Nałożenie rozświetlacza na brodę również uważam za zbędne. Po pierwsze sprawi to wrażenie, że jest ona bardziej wysunięta do przodu (a jak nie macie cofniętej szczęki, to… po co?), a po drugie będzie wyglądać na spoconą. Jeżeli nie robicie zdjęć ust lub bliskich zbliżeń – wydaje mi się to po prostu bez sensu.

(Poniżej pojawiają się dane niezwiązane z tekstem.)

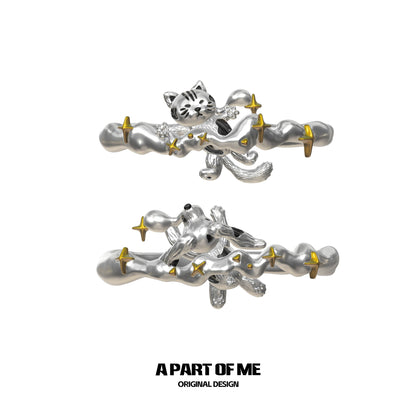 Sleepy cat dog ring by A PART OF ME featuring a whimsical design with stars and a polished finish
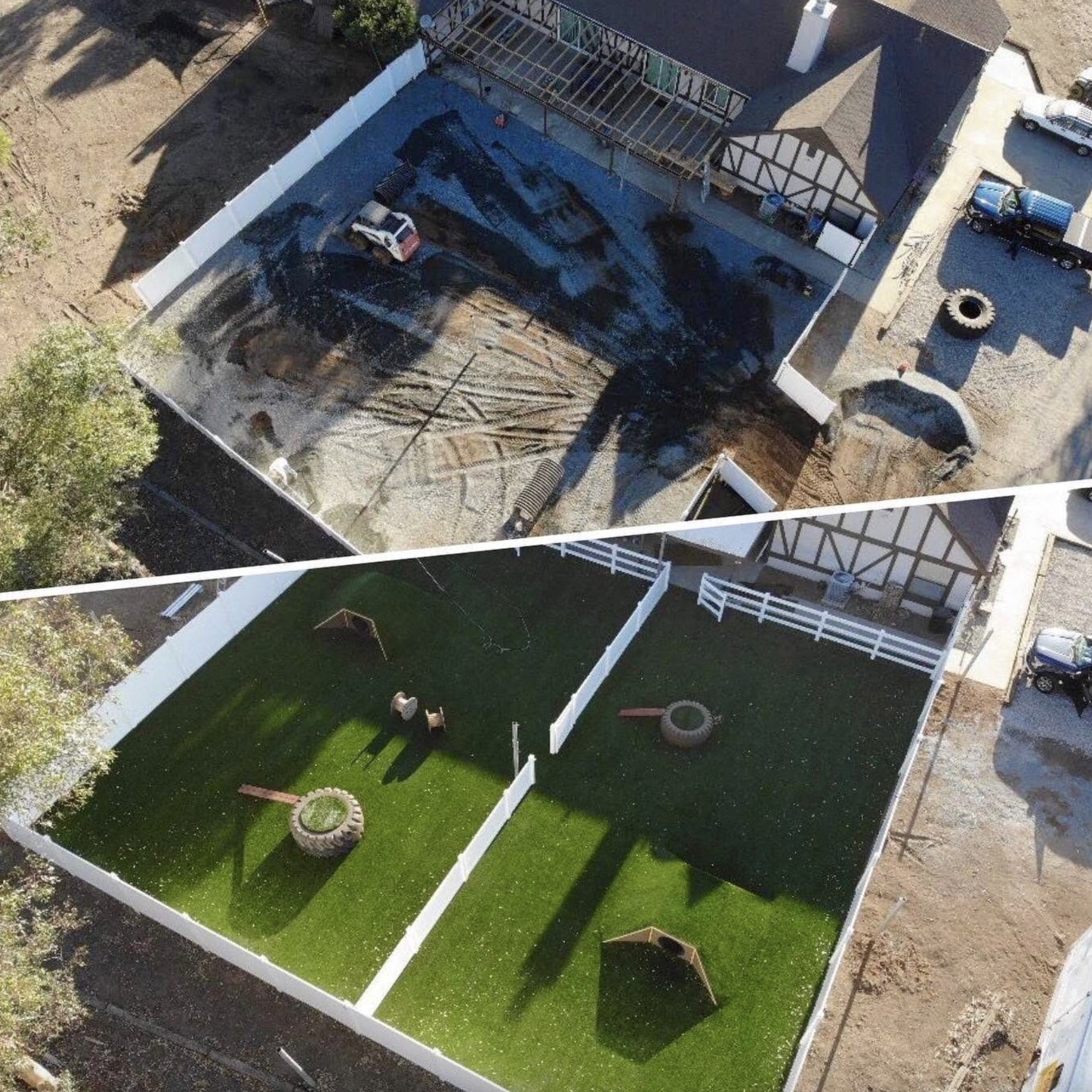 Biltright Turf yard before and after artificial turf installation, example 15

Zobacz: Przegląd produktów do strobingu
Gdzie nakładać rozświetlacz – podsumowanie
Ilość nakładanego rozświetlacza zależy od Waszych potrzeb. Osobiście uwielbiam mocne rozświetlenie i właśnie tak maluję się na co dzień. Wzmacniam efekt za pomocą mgiełki lub wody termalnej. Po nałożeniu pierwszej warstwy spryskuję twarz i na jeszcze morką warstwę dokładam odrobinę rozświetlacza. Wtedy efekt jest znacznie mocniejszy, a ja jestem zadowolona. Natomiast jeżeli uzyskacie zbyt intensywny efekt, wystarczy przyklepać rozświetlacz gąbeczką z resztką podkładu lub po prostu delikatnie przypudrować.
Mam nadzieję, że teraz będziecie bez problemu wiedzieć gdzie nakładać rozświetlacz i Wasz makijaż będzie wyglądał jeszcze lepiej!
Jaki efekt lubicie? Mocne rozświetlenie czy naturalny, lekki blask?